* _EXERCISE DETAILS_:
The line containing "The Savannah: Knee-High" and each line after it, through the final line of the data, are to be retyped exactly, with pictures left out.

* _DATA PROVIDED_:
■ ■ ■ ■ ■

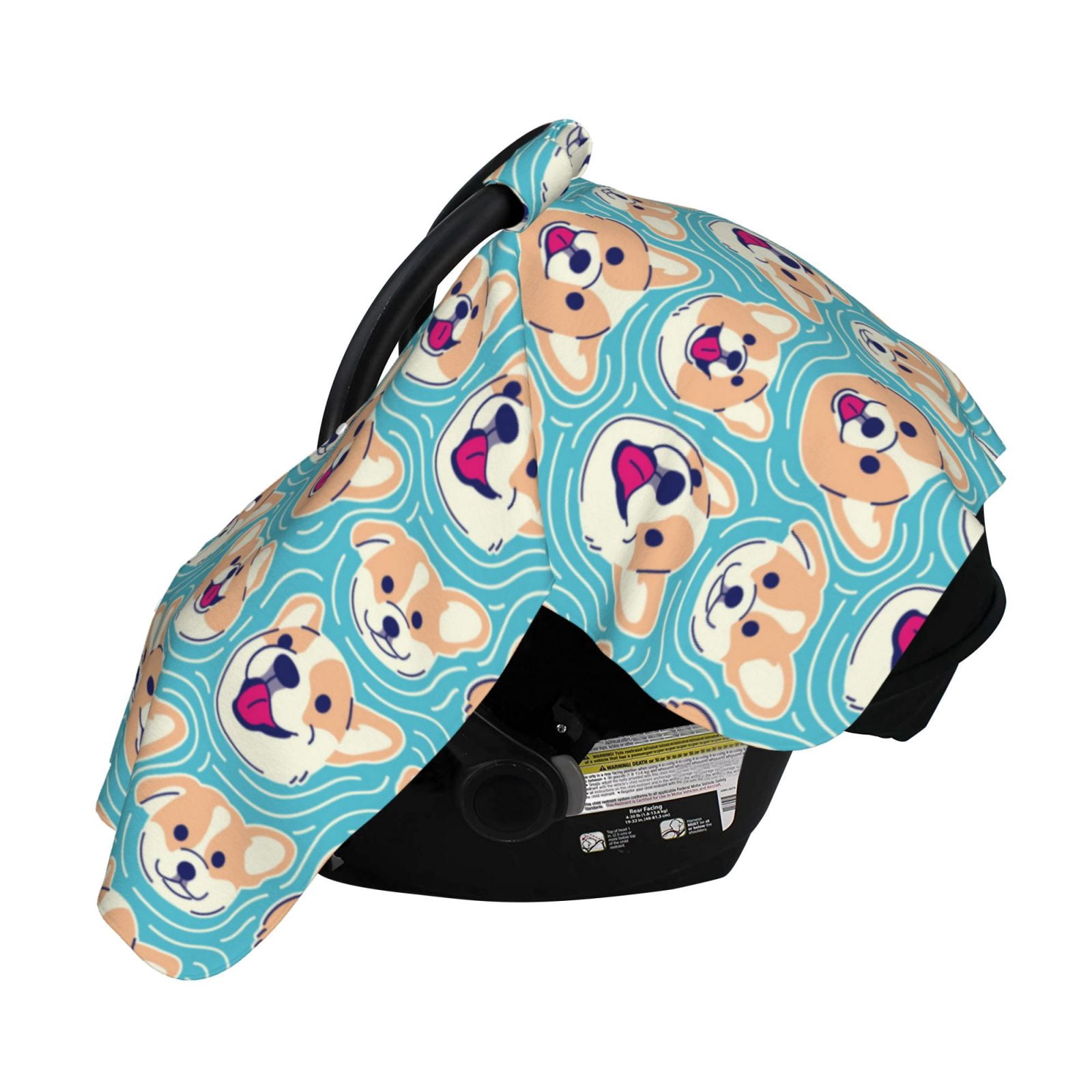 Naloa Cute Corgi Head Baby Car Seat Cover, Breathable Baby Carrier Cover, Multiuse Baby Carrier Cover & Nursing Breastfeeding Cover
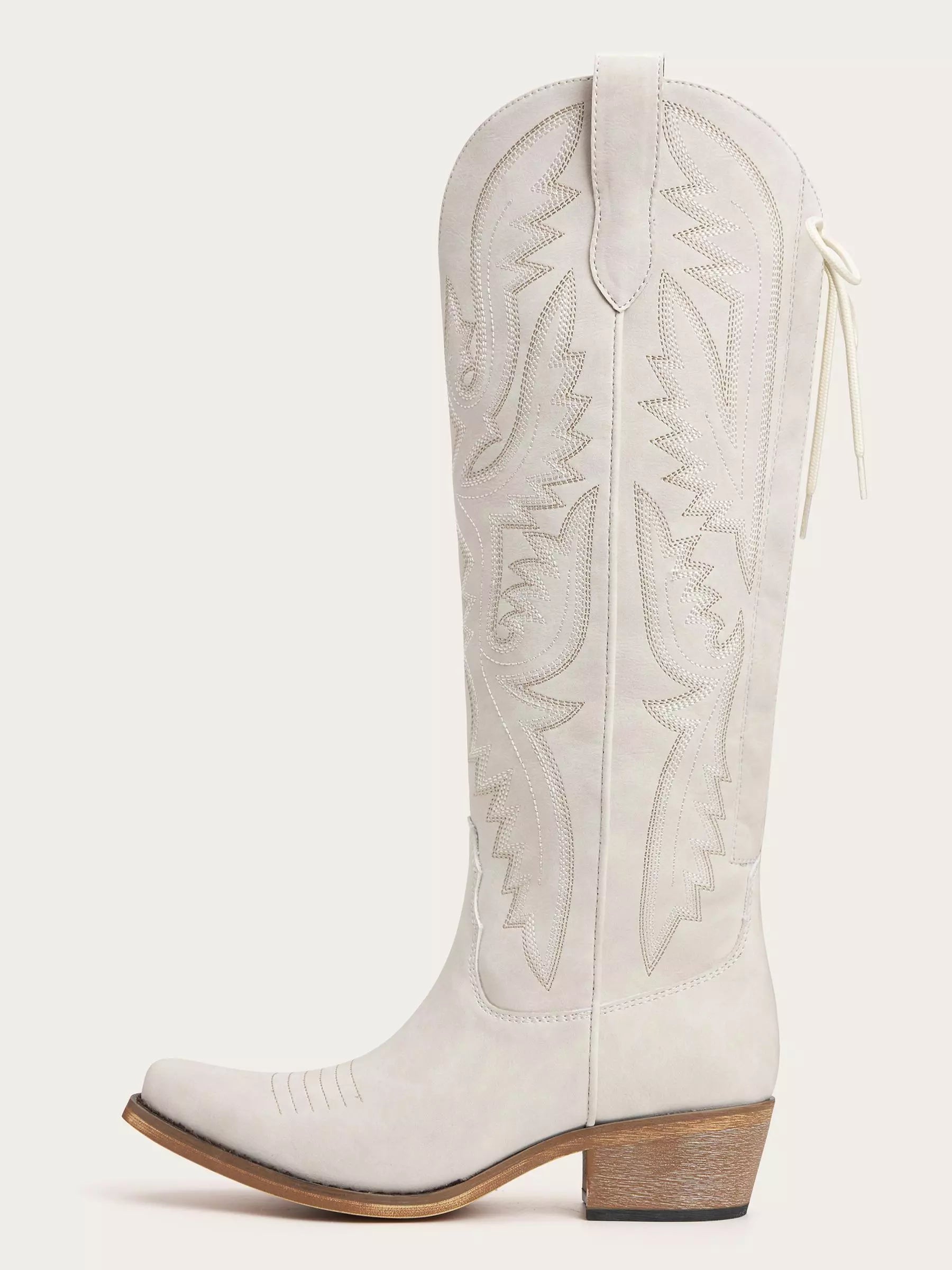 The Savannah: Knee-High Western Boots in Bone White with Lace-Up Detail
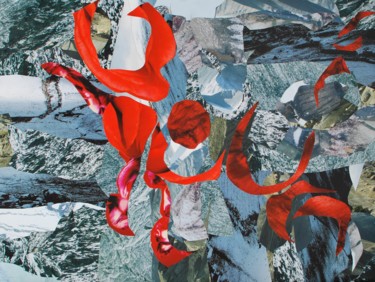 Collages titled "Rouge Flash" by Olivier Bourgin, Original Artwork, Collages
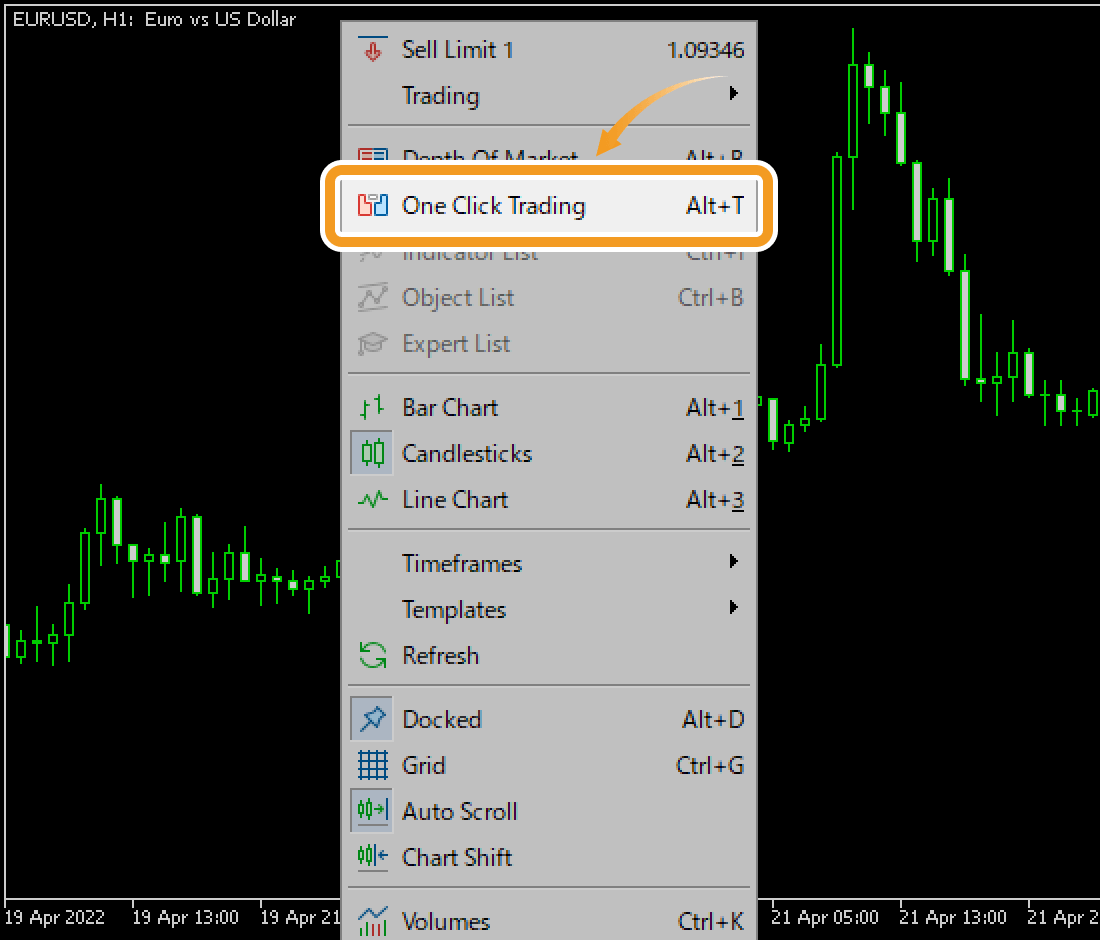 Right-click on the chart and select One Click Trading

■ ■ ■ ■ ■

* _TASK OUTPUT_:
 The Savannah: Knee-High Western Boots in Bone White with Lace-Up Detail
 Collages titled "Rouge Flash" by Olivier Bourgin, Original Artwork, Collages
 Right-click on the chart and select One Click Trading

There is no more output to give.